Letter from the Editors

I have three bird feeders outside my window. I mention this because I have sat for hours beside this particular window over the past few months preparing for my PhD comp exams; poetry and birds have been my constant companions. My focus has been on twentieth-century French poetry of witness, biblical allusion in modern Hebrew poetry, and the history of translation. (These are three separate topics, not some wildly obscure academic project.) In the course of my preparations a line from the Robert Desnos poem “Arte poétique” comes back to me again and again: Je suis le vers témoin du souffle de mon maître. I am the verse witness of my master’s breath. This line haunts me not only because I think that it actually sounds even better in English than it does in French, but also because of the deep truths it contains: This line says more about the necessity of poetry than I could in a thousand letters from the editor.
The time that I have spent working on eXchanges over the last three years has been deeply rewarding. I have received support and inspiration from friends and colleagues too numerous to mention. I feel privileged to have had the opportunity to introduce the world to so much great literature: Within the last four issues we’ve published our first pieces translated from Arabic, Estonian, Urdu, Latvian, Hindi, Croatian, Hungarian, Italian, Ukrainian, and Korean—bringing the total number of languages that have appeared in eXchanges up to nearly two dozen.
            I could use the rest of my letter-from-the-editor space to make a case for the continuing importance of translation in today’s world, but I believe the pieces in this issue make that case all by themselves. So I’ll return to French and Hebrew poetry, and the finches and grackles jockeying for position outside my window, and leave eXchanges in the more than capable hands of Diana Thow and Emily Weirich.

Becka Mara McKay

A few weeks ago, just as the weather was beginning to turn, my fiancé Brian decided he needed to read Gerard Manly Hopkins before he went to sleep, and as Hopkins is meant to be read aloud (Hopkins himself called his poetry “oratorical”), I had the cozy pleasure of being read to, tucked in bed. After a foray through his bookshelves and a flutter of pages, Brian settled on “Pied Beauty,” a poem about the beauty of (as Hopkins might have put it, being a deeply religious man) God’s creations. It begins: “Glory be to God for dappled things –  / For skies of couple-colour as a brinded cow.” Eyes closed, head on the pillow, I imagined Hopkins “dappled things” and thawing fields, what a “brinded cow” might look like, and our giant Iowa sky.  

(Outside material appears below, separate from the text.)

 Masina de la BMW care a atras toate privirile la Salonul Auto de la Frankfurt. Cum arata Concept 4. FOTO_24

“All things counter, original, spare, strange;” Brain continued, “Whatever is fickle, freckled (who knows how?) / With soft, slow; sweet, sour; adazzle, dim….“ I sat up.

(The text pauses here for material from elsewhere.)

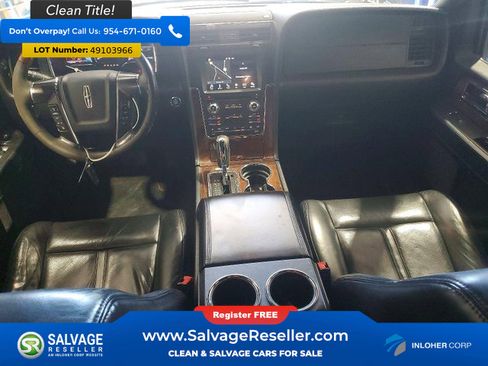 Used 2016 Lincoln Navigator Select RWD image 11
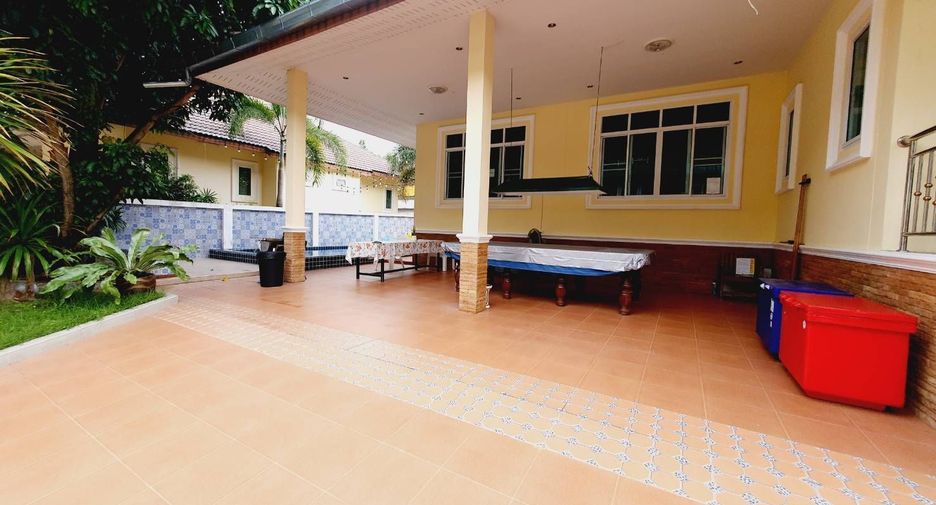 For sale and for rent 4 bedrooms villa in Huay Yai, Pattaya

“Sweet and sour? That’s the theme of this eXchanges issue!” 

Becka and I chose “Sweet & Sour” for this issue’s theme because it embraces a lot, and because it’s fun. It made us imagine past loves, and present ones, jellybeans, and, of course, Chinese takeout. But as I read through the selections for this issue, I was astounded, as I always am, at how literature takes us beyond any category. These pieces have their share of sweet and sour, but they also contain the bitter and the bittersweet, the smooth and the lumpy, all in beautiful prose and – in nine languages! 

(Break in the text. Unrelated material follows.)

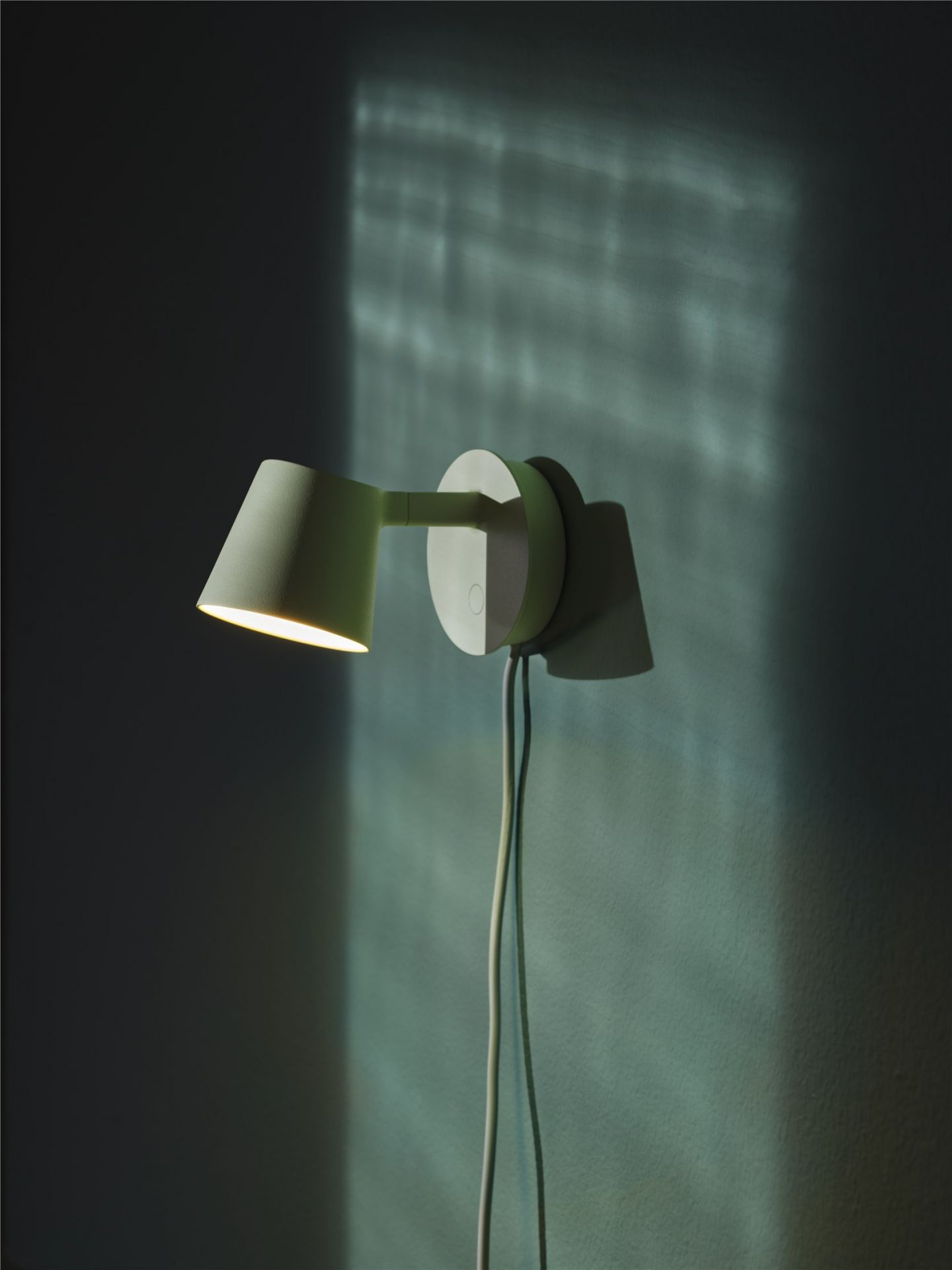 Tip Wall Lamp Muuto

I went to sleep thinking how serendipitous it was that Brian had chosen “Pied Beauty,” because, like Hopkins’ poem, these translations take us beyond take-out boxes and jellybeans, they take us to an appreciation of what it means to be in this world.

With that in mind, I’d like to finish by thanking Becka Mara McKay, who will be leaving eXchanges after this issue. She’s been the heart and soul of the magazine since 2004, and her poetic eye, insightful thoughts and passion for beautiful literature in translation will be missed. We wish her all the very, very best!